**Dataset**

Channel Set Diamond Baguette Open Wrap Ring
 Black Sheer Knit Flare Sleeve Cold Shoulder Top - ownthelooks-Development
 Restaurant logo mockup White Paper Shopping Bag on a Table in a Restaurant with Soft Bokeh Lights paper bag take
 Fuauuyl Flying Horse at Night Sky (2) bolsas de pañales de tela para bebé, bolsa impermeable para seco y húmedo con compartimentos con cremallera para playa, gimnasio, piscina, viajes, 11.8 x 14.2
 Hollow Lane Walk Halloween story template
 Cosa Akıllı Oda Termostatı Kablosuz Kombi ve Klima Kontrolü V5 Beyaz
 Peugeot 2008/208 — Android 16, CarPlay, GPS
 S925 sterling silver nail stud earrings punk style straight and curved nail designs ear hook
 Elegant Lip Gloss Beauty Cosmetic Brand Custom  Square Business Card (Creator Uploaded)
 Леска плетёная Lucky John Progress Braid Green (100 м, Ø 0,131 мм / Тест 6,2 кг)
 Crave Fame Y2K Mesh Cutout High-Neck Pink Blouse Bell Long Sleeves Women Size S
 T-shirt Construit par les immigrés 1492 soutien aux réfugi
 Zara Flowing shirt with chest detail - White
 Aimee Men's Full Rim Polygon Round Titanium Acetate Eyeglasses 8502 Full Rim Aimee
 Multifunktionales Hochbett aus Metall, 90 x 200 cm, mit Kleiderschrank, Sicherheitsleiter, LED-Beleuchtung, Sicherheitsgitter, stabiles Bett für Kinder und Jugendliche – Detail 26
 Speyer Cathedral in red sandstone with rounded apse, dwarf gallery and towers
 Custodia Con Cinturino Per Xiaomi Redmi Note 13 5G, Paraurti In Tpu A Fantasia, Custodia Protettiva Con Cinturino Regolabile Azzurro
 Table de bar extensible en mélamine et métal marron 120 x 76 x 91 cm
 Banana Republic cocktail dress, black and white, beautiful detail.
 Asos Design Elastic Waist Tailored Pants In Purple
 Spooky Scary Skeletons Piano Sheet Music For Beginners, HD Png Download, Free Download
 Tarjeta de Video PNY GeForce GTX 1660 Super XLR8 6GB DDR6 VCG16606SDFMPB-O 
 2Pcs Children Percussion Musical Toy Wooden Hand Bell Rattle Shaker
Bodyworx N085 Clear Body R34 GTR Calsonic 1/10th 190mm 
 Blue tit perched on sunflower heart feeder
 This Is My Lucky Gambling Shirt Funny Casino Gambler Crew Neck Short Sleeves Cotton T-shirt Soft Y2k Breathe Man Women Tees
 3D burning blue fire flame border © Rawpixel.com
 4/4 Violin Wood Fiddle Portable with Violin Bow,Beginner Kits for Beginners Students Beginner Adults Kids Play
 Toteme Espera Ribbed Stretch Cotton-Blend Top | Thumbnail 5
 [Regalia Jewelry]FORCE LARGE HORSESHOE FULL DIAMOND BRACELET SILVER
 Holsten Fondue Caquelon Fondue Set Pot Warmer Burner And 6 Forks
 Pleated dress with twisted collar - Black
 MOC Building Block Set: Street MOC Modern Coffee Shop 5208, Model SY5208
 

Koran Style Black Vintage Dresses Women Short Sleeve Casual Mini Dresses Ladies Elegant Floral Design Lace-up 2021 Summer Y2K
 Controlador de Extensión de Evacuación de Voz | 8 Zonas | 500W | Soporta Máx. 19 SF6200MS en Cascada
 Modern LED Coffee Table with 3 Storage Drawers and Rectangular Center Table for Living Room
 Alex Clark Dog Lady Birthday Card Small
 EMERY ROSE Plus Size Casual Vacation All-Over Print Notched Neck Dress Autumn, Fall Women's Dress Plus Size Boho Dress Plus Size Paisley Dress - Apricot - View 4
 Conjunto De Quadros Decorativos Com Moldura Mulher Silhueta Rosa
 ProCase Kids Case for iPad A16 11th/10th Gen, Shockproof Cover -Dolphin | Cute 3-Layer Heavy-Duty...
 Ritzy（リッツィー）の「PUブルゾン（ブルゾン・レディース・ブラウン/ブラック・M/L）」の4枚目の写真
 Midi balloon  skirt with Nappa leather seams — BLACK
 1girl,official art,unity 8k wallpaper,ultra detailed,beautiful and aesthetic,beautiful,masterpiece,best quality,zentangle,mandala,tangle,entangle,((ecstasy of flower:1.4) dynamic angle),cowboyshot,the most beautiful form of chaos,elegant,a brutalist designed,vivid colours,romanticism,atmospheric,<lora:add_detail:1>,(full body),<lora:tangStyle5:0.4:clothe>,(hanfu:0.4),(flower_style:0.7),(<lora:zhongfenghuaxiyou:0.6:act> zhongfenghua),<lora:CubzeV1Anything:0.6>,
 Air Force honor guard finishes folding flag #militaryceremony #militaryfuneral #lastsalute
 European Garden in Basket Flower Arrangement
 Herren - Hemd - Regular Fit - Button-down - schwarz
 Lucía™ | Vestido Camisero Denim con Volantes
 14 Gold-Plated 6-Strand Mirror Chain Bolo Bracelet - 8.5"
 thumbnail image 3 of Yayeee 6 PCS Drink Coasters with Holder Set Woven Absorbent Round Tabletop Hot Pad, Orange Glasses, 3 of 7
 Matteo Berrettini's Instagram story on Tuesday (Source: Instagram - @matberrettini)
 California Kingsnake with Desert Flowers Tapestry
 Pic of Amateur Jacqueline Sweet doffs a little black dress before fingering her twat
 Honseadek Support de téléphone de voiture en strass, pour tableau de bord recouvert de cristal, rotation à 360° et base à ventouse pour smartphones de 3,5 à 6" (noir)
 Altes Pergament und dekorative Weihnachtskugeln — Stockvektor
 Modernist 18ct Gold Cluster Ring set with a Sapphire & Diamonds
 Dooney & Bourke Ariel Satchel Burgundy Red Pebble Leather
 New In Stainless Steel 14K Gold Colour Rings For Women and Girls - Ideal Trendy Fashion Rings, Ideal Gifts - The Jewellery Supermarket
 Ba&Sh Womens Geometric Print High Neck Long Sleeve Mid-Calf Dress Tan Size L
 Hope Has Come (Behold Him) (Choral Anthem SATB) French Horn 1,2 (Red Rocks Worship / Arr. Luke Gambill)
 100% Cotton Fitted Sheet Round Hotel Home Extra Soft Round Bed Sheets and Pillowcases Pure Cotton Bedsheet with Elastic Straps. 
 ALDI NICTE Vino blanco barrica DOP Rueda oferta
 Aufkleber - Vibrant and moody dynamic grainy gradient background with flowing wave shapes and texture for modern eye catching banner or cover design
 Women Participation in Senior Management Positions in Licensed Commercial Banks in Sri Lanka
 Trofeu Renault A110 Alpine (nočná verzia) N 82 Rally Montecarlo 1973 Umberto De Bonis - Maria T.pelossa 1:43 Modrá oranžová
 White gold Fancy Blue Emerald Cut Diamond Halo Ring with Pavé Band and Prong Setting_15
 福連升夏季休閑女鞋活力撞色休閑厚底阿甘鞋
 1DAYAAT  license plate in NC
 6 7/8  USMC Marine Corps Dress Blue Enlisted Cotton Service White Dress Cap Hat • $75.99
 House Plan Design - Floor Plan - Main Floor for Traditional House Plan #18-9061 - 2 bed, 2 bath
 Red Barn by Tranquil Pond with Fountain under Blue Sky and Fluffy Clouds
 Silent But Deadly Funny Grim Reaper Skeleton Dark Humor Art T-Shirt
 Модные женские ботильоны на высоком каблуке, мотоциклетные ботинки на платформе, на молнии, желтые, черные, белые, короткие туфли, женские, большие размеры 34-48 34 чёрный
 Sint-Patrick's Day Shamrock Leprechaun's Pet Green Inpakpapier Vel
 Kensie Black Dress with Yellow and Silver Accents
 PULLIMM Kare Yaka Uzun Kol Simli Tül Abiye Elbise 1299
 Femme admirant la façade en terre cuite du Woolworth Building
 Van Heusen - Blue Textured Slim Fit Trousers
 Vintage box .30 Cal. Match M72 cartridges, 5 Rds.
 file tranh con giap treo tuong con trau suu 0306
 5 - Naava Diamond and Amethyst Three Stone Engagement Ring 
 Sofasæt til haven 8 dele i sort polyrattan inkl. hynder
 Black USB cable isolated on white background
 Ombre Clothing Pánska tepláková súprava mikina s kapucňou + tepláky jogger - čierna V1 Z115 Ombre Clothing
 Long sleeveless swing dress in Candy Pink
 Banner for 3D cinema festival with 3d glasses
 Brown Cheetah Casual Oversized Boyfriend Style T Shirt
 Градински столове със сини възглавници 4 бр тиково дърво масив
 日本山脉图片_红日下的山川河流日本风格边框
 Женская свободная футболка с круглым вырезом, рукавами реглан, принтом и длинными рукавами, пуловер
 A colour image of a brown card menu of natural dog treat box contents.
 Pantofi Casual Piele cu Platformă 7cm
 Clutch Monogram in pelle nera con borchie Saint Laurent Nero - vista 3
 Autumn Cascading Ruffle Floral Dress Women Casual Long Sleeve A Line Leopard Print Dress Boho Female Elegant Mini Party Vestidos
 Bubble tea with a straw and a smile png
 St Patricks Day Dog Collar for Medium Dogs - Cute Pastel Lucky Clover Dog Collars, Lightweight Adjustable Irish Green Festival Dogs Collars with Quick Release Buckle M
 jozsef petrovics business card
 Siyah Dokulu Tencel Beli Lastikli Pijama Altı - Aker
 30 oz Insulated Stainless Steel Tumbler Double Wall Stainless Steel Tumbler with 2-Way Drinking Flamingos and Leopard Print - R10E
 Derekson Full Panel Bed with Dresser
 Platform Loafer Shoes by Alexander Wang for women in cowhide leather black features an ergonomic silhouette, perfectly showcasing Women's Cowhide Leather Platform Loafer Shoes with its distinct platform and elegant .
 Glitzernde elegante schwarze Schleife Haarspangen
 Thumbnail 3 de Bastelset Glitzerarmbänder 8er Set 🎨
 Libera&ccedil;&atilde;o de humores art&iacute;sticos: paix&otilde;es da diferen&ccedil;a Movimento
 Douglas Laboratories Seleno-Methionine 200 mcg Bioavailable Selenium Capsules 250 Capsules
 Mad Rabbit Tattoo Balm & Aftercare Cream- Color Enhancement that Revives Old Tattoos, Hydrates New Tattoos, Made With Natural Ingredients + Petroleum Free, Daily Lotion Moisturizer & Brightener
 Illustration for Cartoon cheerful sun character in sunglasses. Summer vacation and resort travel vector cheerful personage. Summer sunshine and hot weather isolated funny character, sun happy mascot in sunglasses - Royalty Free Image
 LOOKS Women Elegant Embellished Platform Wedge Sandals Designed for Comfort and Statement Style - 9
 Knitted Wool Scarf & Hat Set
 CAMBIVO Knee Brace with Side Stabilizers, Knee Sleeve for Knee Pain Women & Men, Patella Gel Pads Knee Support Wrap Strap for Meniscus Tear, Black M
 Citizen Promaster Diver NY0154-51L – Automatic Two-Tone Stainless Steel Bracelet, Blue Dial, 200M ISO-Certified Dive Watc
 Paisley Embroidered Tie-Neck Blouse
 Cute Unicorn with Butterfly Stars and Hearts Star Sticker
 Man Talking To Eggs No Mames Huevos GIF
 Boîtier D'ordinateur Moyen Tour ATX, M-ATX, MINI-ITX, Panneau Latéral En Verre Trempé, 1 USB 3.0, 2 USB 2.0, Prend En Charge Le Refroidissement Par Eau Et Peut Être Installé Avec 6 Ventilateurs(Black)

**Task item**
Going through the listing above, tally the lines that contain the word "Vintage" and state the total alone.

**Solution to this problem**
2